Problem with LoopVectorization : @turbo, LoopVectorization.check_args

Hi,
I’m trying to optimize a loop and I get a warning about `LoopVectorization.check_args` on your inputs failed.

Here is my MWE:

psi = rand(ComplexF64,4,4)
dpsi = zeros(ComplexF64,4,4)

function test_turbo(dpsi::Array{ComplexF64,2}, psi::Array{ComplexF64,2}, t::Float64)
    @turbo for pos in 1:length(psi)
        dpsi[pos] = -2psi[pos]
    end
end

julia> test_turbo(dpsi, psi , 0.0)
┌ Warning: #= /path/to/file/test.jl:70 =#:
│ `LoopVectorization.check_args` on your inputs failed; running fallback `@inbounds @fastmath` loop instead.
│ Use `warn_check_args=false`, e.g. `@turbo warn_check_args=false ...`, to disable this warning.
└ @ Main ~/.julia/packages/LoopVectorization/ndGJi/src/condense_loopset.jl:825

It looks like I’m missing something very basic.
Any help will be welcome!

I think that package prefers you to use eachindex, eg. for pos in eachindex(psi)

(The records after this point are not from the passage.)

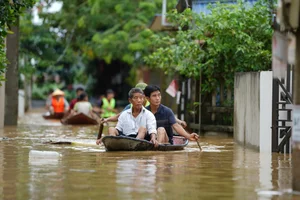 Historical Flooding in Thai Nguyen: Scenes from the Worst Flood in 23 Years - image 1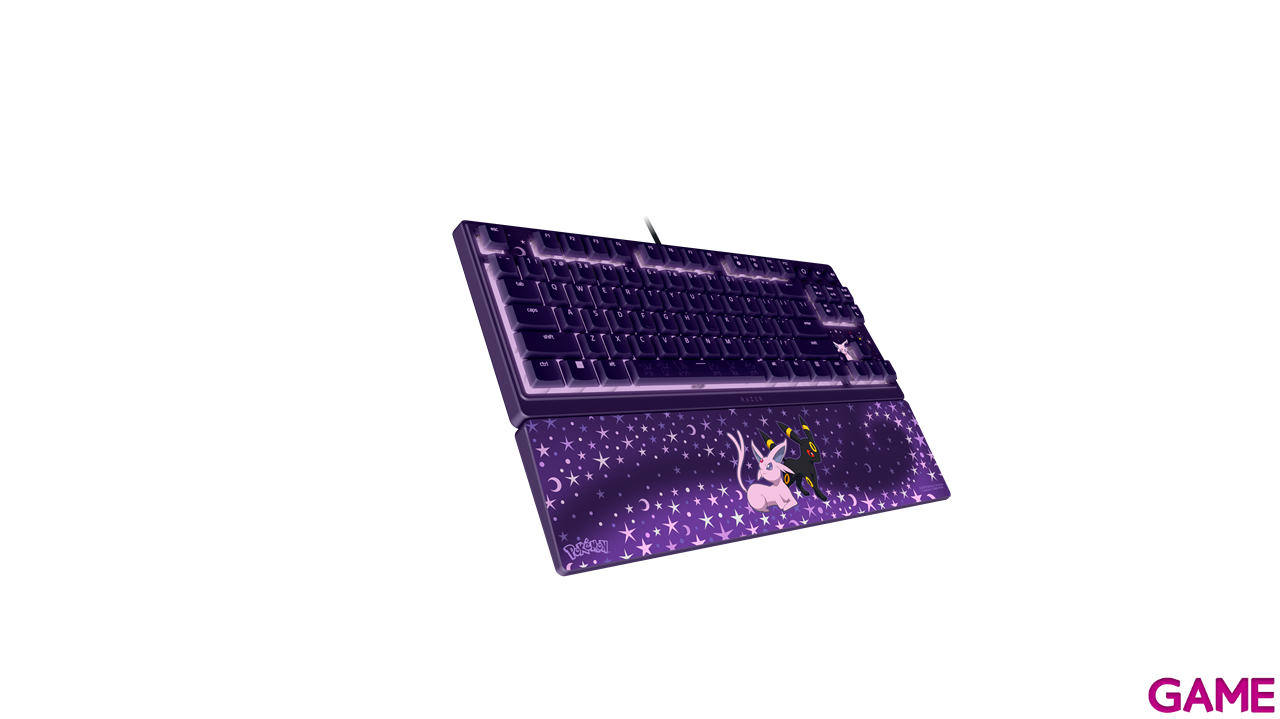 Razer Ornata V3 TKL Edición Pokémon Espeon/Umbreon US Layout - Teclado Gaming-1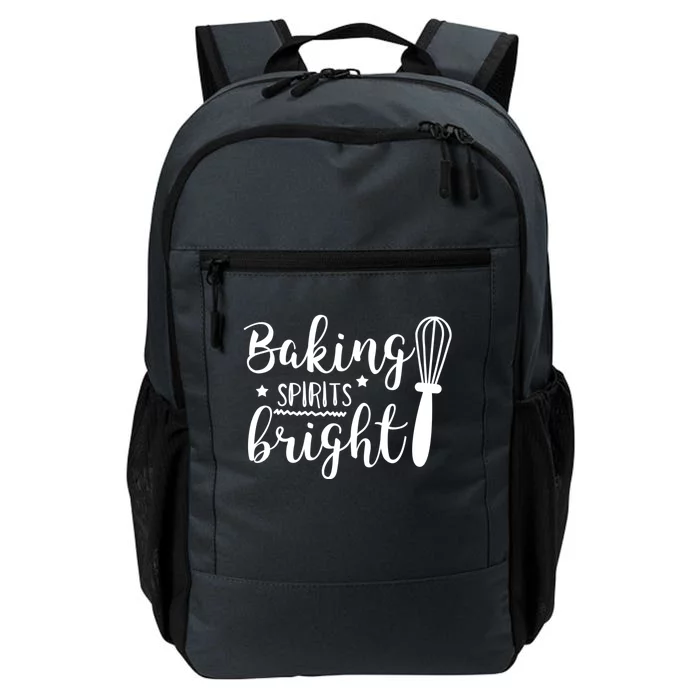 Christmas Gift Baking Spirits Bright Cute Christmas Funny Gift Daily Commute Backpack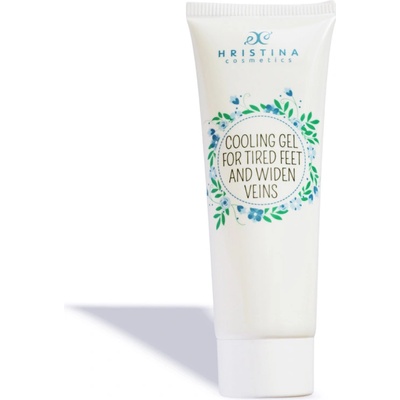 Hristina Přírodní ochlazující gel pro unavené nohy a křečové žíly 100 ml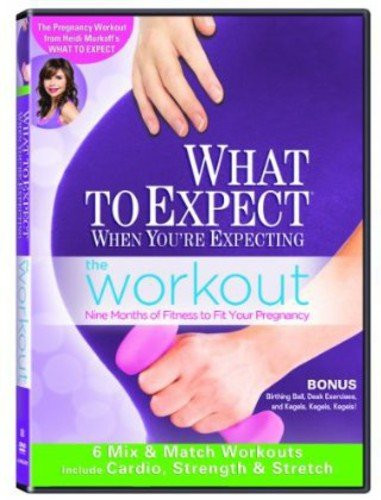 What To Expect When Youre Expecting - Workout DVD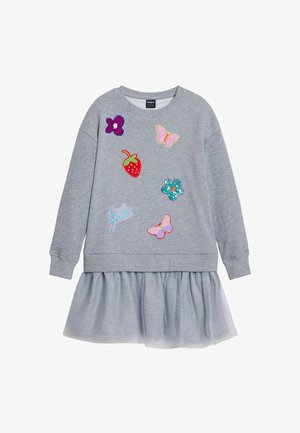 WITH FIGURES - Dnevna haljina - gray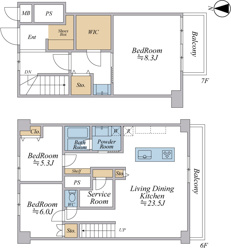 【間取り】 | ご自宅から現地まで、当社スタッフがお車にて、「お迎え・お送り」をしております。ぜひお気軽にお問い合わせくださいませ♪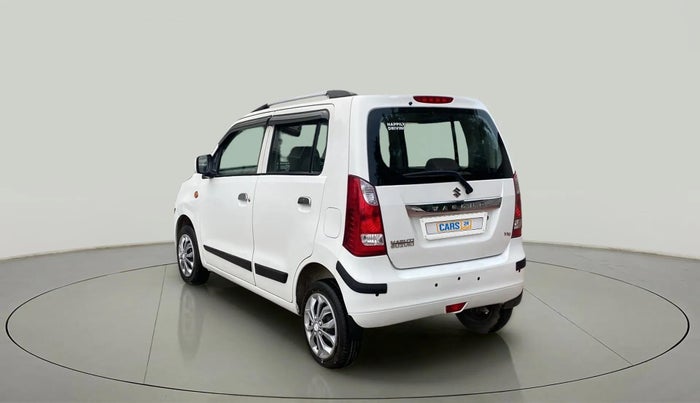 2016 Maruti Wagon R 1.0 VXI, Petrol, Manual, 80,228 km, Left Back Diagonal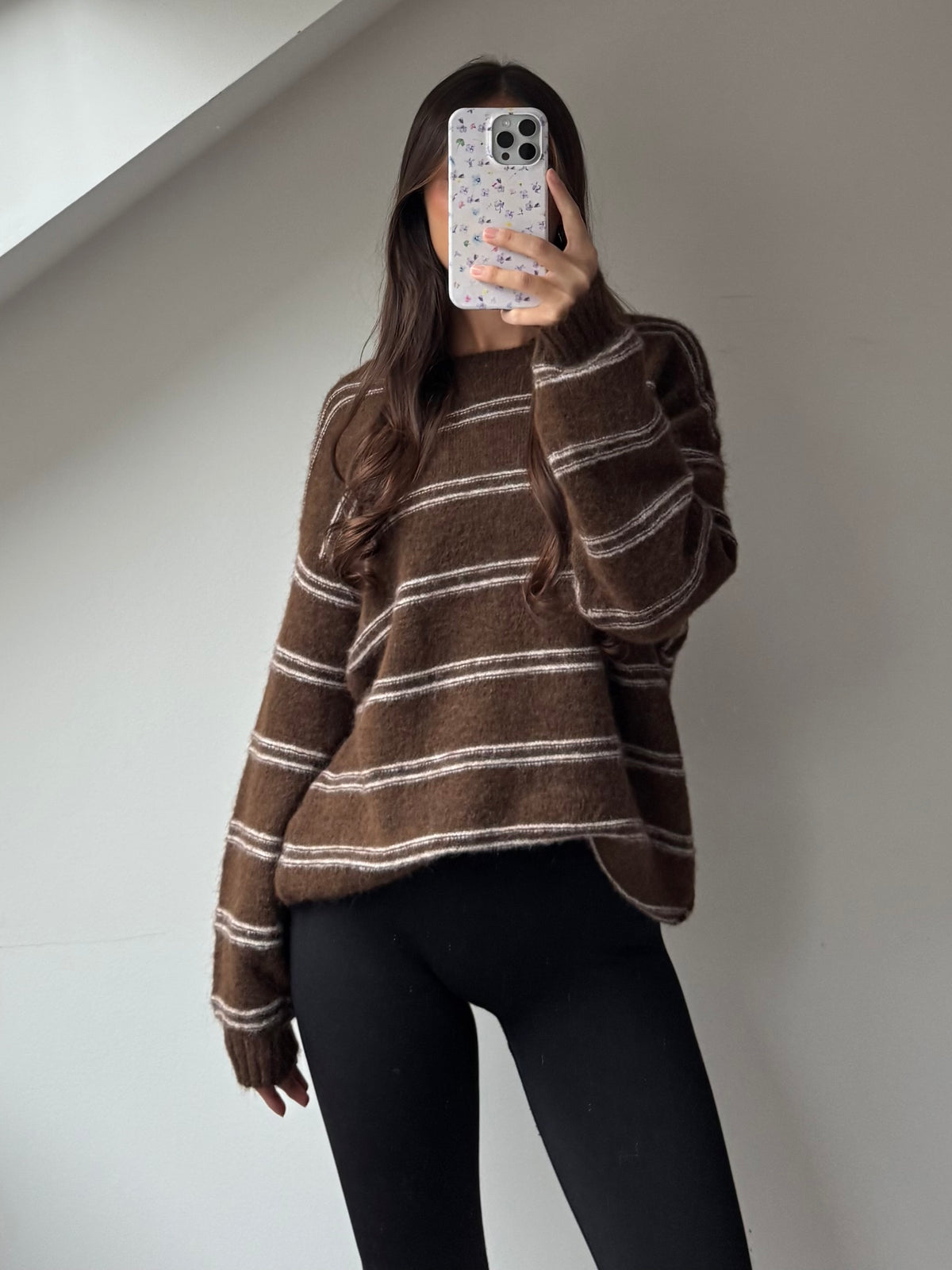 Gestreifter Pullover - Romi
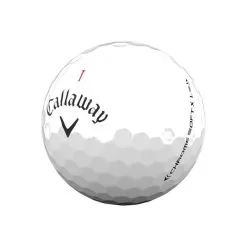 Callaway Chromesoft X LS Golf Ball Dozens White -Sale Golf Online CA21D0106001 2 L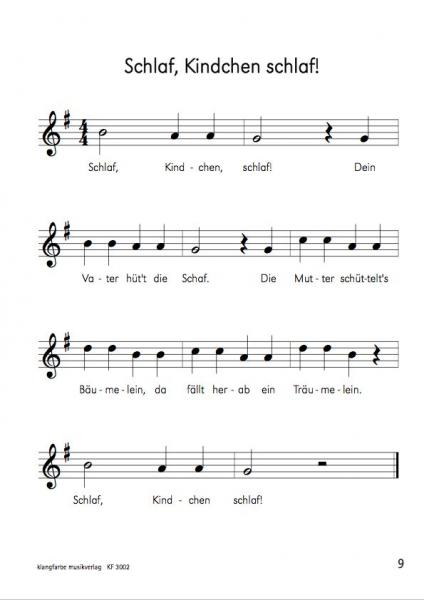 Vorschau Noten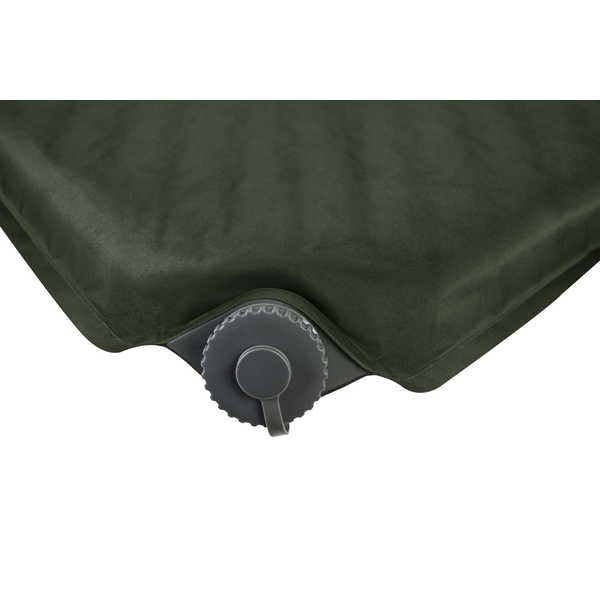 Коврик самонадувающийся Trek Planet Relax 70 Double Зелёный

IIRC, you need StructArrays.jl to make LoopVectorization work on Complex.

1 Like

Thank you!
I’ve now stuck in converting to a circular boundary condition lattice, is there any simple solution for that or I’ll just open a new issue?

I tried StructArrays.jl to make LoopVectorization work on Complex but with no success. Could you give an example on how to use it? Thanks.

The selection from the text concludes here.